4. Drehtag am 12.06.10: Schon um 8.30 Uhr
Treffen an der Berlbud. Der größte und aufwendigste Tag liegt vor uns. Alle Schauspieler sind beim großen Ritterturnier gefordert. Ein kleiner Aufbautrupp fuhr schon zum Schützenhaus. Sehr aufwendig war die Szene vor dem Turnierbeginn. Sechs Versuche - Schauspieler schon sehr genervt. Als die Regie zu den Kinder "Szene gestorben" rief, gab es beinahe eine Revolte. Mühsam musste die Regie erklären, dass dies beim Film alles OK und fertig heißt. Die Gemüter beruhigten sich. Vor dem Mittagessen noch schnell eine Dialogszene. Wir wollten gerade anfangen, war in Johannisberg Sirenengeheul. Kommt einmal im Jahr vor. Ausgerechnet jetzt, also Mittagessen. Nach einer halben Stunde zweiter Versuch, wieder Geheul. 3 Minuten Pause, dann konnte man endlich drehen. Gegen 14.00 Uhr waren wir fertig.
5. Drehtag am 17.06.10: 15.30
Treffen zum großen Rittermahl. 8 Kinder gingen nach dem Umziehen zur Familie Brudy. Die Pergola - eine tolle Drehstätte. Wir wurden mit offenen Armen empfangen. Die Schwiegertochter brutzelte schon die Hähnchen. Nach einer kurzen Dialogszene kam das große Essen dran. Mit dem mittelalterlichen Knigge freundeten sich die Schauspieler sehr schnell an. Schmatzen, rülpsen, Knochen wegwerfen, herrlich.17.15 Uhr war alles aufgegessen. Glücklich und knüppelsatt hatten die Schauspieler Feierabend.
6. Drehtag am 19.06.10
Letzte Massenszene soll heute gedreht werden. Das Filmteam fuhr aufs Waldackergrundstück der Familie Mulz. 2 Kinder hatten nur eine Stunde Zeit, so dass die Szenen mit den Beiden zuerst sehr zügig gedreht wurden. Die Liebesszene fiel dem betreffenden Pärchen erst etwas schwer, klappte aber ganz hervorragend. Zwei absolute Profis. Pünktlich zum Abholen der 2 Kinder war alles im Kasten. Jetzt große Massenszene. Alle wussten, was sie zu tun hatten - da kam ein Aufschrei: Patricius hatte eine kleine Kröte gefunden. Nach Bewunderung und Streicheleinheiten konnte es jetzt weiter gehen. Um 12.00 konnten die meisten Kinder nach Hause. Mit nur noch 4 jugendlichen Schauspielern fuhr man an die Dachsbergmauer. Die schon erfahrenen und sehr talentierten Teenies drehten locker und zügig alles ab. Einziger Wermutstropfen, ein Hubschrauberrundflug. Er kostete uns eine halbe Stunde. Gegen 14.00 war auch dieser aufwendige Tag zu Ende.
7. Drehtag 22.06.10
Kleiner Minidreh um 19.00 unter Hannelores Pergula mit Nachwuchsgarde und Trainerinnen. Um das Rittermahl abzurunden tanzten sie auf Boccerinis Menuett. Ihr Auftritt war genauso professionell und gekonnt, wie man es auch von den Sitzungen von dieser Gruppe gewohnt ist.

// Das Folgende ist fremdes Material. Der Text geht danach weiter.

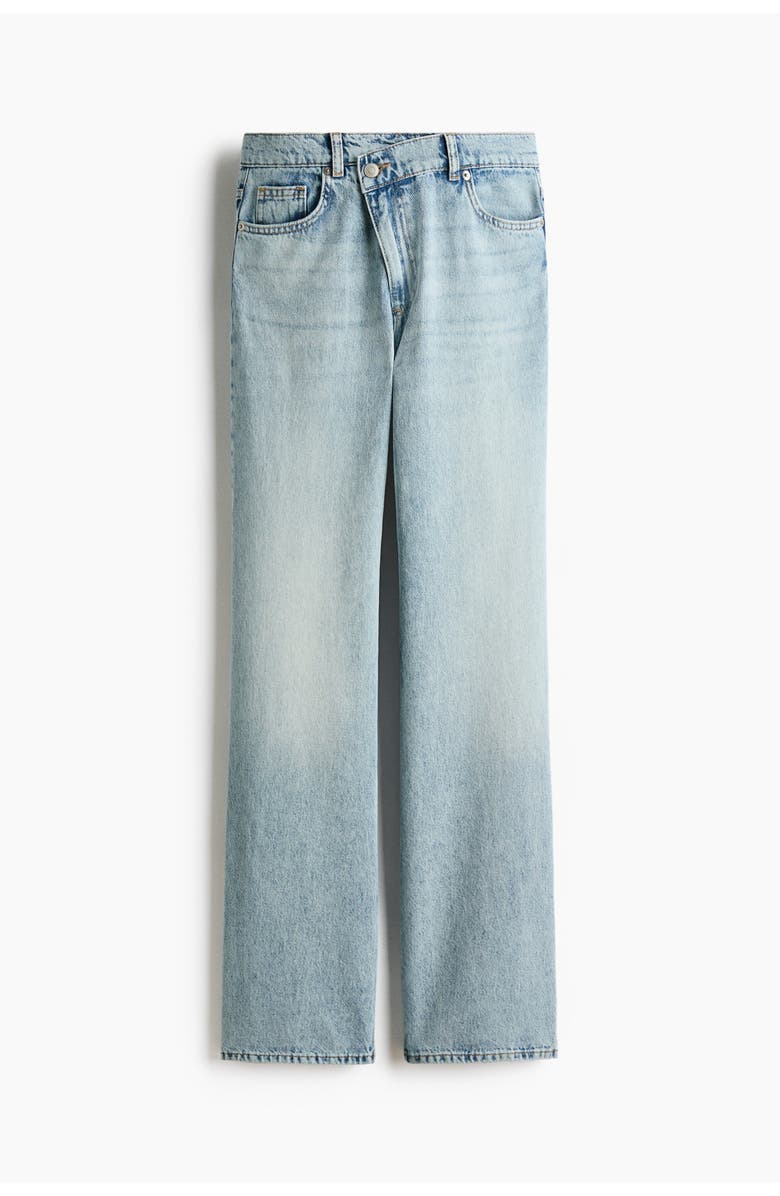 H&M Straight Leg High Waist Jeans, Main, color,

letzter und chaotischster Drehtag 24.01.10
Mit 8 Kindern fuhren wir gegen 15.30 Uhr an den Plankener um zuerst die misslungene Ernteszene noch mal zu drehen. Dort angekommen der erste Schock. Ein Winzer arbeitete mit einer sehr lauten Spritzmaschine. Er wurde von Eveline gebeten, kurz während der Dreharbeiten aufzuhören. Dies tat er auch prompt. Vielen, vielen Dank für so viel Verständnis. Dieses Mal stimmte der Satz: "Die Sonn, die brennt mer uff de Rücke." Es war sehr heiß. In Windeseile wurde gedreht. Dann mit nur noch 5 Kindern zur Dachsbergmauer. Die 2 Szenen dauerten sehr lange. Endlich war man fertig. Alle waren müde und verschwitzt. Nur noch zu einem kleinen Minidreh aufs Schützenhaus, und dann nix wie heim - dachten wir. Die Szene war ruckzuck im Kasten, dann kam der große Schock. Wir hatten vergessen Patricius ein blaues Auge zu schminken. Drei Kinder mussten Ihre Kostüme wieder anziehen, alles wieder zurück zur Dachsbergmauer und erneut drehen. Bei allen Beteiligten lagen die Nerven blank. Nach knapp 30 Minuten war es dann endlich vollbracht. Der große Filmepos ist jetzt komplett im Kasten. Nun schauten wir vertrauensvoll auf unseren Kameramann und Cutter Stefan, der aus den vielen Puzzelsteinchen ein Meisterwerk zusammensetzen musste. Nochmals Danke an alle netten Personen, die uns Kostüme, Requisiten usw. geliehen hatten und denjenigen, die uns ihre Grundstücke zur Verfügung stellten. Ihre Namen sind selbstverständlich im Abspann des Theaterfilms festgehalten worden.
Am Sonntag, dem 12. September, in der Berlbud im Engerweg 5 erfolgte die Welturaufführung des nun benannten Theaterfilms.